Maitland Mackie, of ice-cream and crisps fame, is always thought-provoking. His most recent effort came at Strathclyde University, where he was one of the speakers talking about how to run a successful family business.
That’s something he knows a lot about, Mackie’s having moved in two decades from being simply an Aberdeenshire dairy and arable farm to one of Britain’s most successful ice-cream makers, more recently in conjunction with Taypack, a successful crisp-maker, and now close to moving into chocolate-bar production, while remaining resolutely family-run.
There are family farming businesses in the Borders and elsewhere who don’t necessarily need advice from Maitland or anyone else.
But there are others struggling with the problems of when one generation should hand over to the next, who gets what in a family changeover, or where the oldest member simply won’t quit, who would find it worth their while to study his speech.
Maitland, now 76, but looking, and thinking, younger, said the first rule for handing over is “Don’t meddle.”
He said: “When I was pulling out I discovered that the less I did, the better the business did. Very humbling.”
Essentially, he said, there are two main concerns for a family business – innovation and how it is run and how it is passed on. He is the third Maitland Mackie in a business that started in 1912.
His son Maitland (Mac) and two of his daughters are now in charge, and plans have already been made on how grand-children will be brought into the business. Much of this integration and forward planning, said Maitland, began in the 1990s when the family moved on from a “dae fit yer telt” (do what you’re told) approach to involving everyone in decision-making and consultation with regular family councils.
On many family farms the same process is followed less formally. Talk round the breakfast, dinner and supper table, or any other time, is about what’s happening on the farm, what should be happening, what could be changed and let’s do it.
But on others, “dae fit yer telt” and not having a say in the present or the future will sound familiar. The old theory used to be old clothes to old clothes in three generations – the first established a business, the second generation worked hard and expanded it, the third squandered their inheritance.
There are many examples in Borders farming and rural business of that not being true, each generation taking the business onward and upward. The sheer scale of some farming operations now is proof of that. But we can all think of examples near us where the old three-generation theory was proved correct, sometimes spectacularly.

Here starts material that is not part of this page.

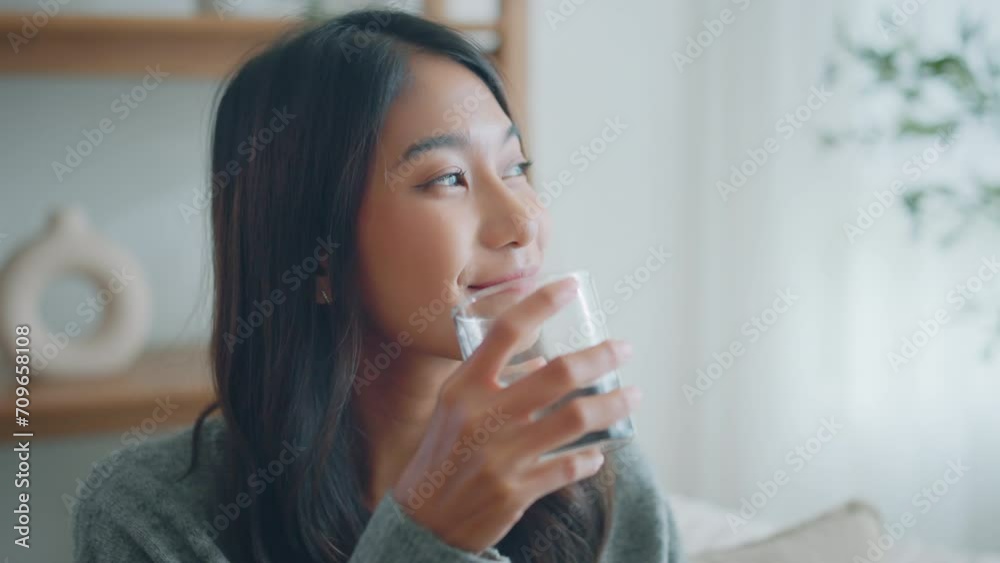 Asian woman drink water start new day with healthy life habit, Female holding glass drinking clean mineral natural still water in living room at home morning, Lifestyle healthcare concept Asian woman drink water start new day with healthy life habit, Female holding glass drinking clean mineral natural still water in living room at home morning, Lifestyle healthcare concept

Harvest has been stop-start in the past 10 days, but as always now when the big combines move they move fast to cover big areas, as do the follow-up balers, ploughs and/or cultivators and seed drills. The result is that the look of the countryside can change rapidly from a lot of fields on the cusp of being cut to a patchwork of stubble, ploughing, just-drilled and fields already greening over with next year’s potential harvest.